Le second prétexte invoqué par les
États-Unis et ses alliés pour justifier la guerre en Afghanistan — la
démocratie — est lui aussi exposé pour être un mensonge. Le gouvernement
Karzaï est un régime de seigneurs de guerre corrompus, plusieurs étant de
fervents islamistes fondamentalistes. Comme les élections présidentielles de
l'an dernier, les élections parlementaires de septembre dernier ont été minées
par la fraude électorale et autres pratiques antidémocratiques, incluant
l'exclusion arbitraire de candidats perçus pour être hostiles à Karzaï et ses
alliés.
La révélation selon laquelle Kaboul serait
impliqué dans des pourparlers des paix avec des dirigeants talibans laisse
supposer un possible virage tactique de la part des États-Unis. Cependant,
personne ne devrait se faire d'illusion quant aux objectifs brutaux des
États-Unis.

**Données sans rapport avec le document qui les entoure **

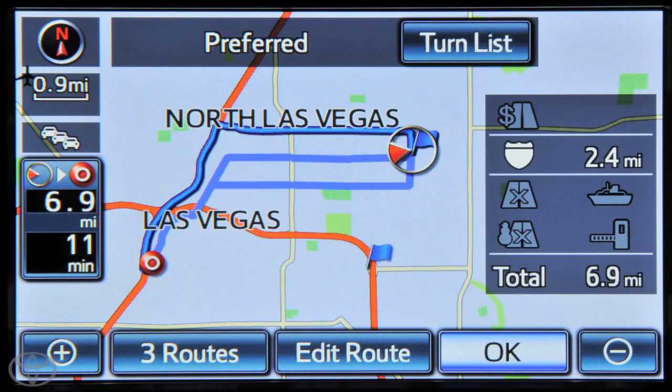You have now learned how to use the Bing POI search using voice recognition.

Les pourparlers sont vus en complémentarité à la «montée», une
augmentation massive de la violence exercée par les forces d'occupation
dirigées par les États-Unis.
Depuis que le général Petraus a pris le
commandement des opérations afghanes en juillet dernier, le nombre d'attaques
aériennes a triplé, atteignant 700 en septembre. Et il est rapporté que des
unités spéciales d'escadrons de la mort mènent 10 missions par jour.
Comme pour en Irak, où Petraus développa
une stratégie similaire, les militaires américains cherchent à détruire et à
tuer le plus possible les groupes insurrectionnels tout en cherchant à diviser
la résistance armée en offrant des avantages financiers à ceux prêts à accepter
la domination américaine.
Dès le départ, il y a neuf ans ce mois-ci,
la guerre afghane a été une entreprise criminelle. Que l'administration Obama
ait massivement étendu cette guerre témoigne de son rôle fondamental, qui a été
de pousser la politique réactionnaire de l'élite dirigeante américaine sur
toute la ligne : militarisme, attaque contre les droits démocratiques en
sol américain, le pillage de l'État afin de préserver la richesse de
l'aristocratie financière, et l'offensive contre le niveau de vie et des droits
de la classe ouvrière.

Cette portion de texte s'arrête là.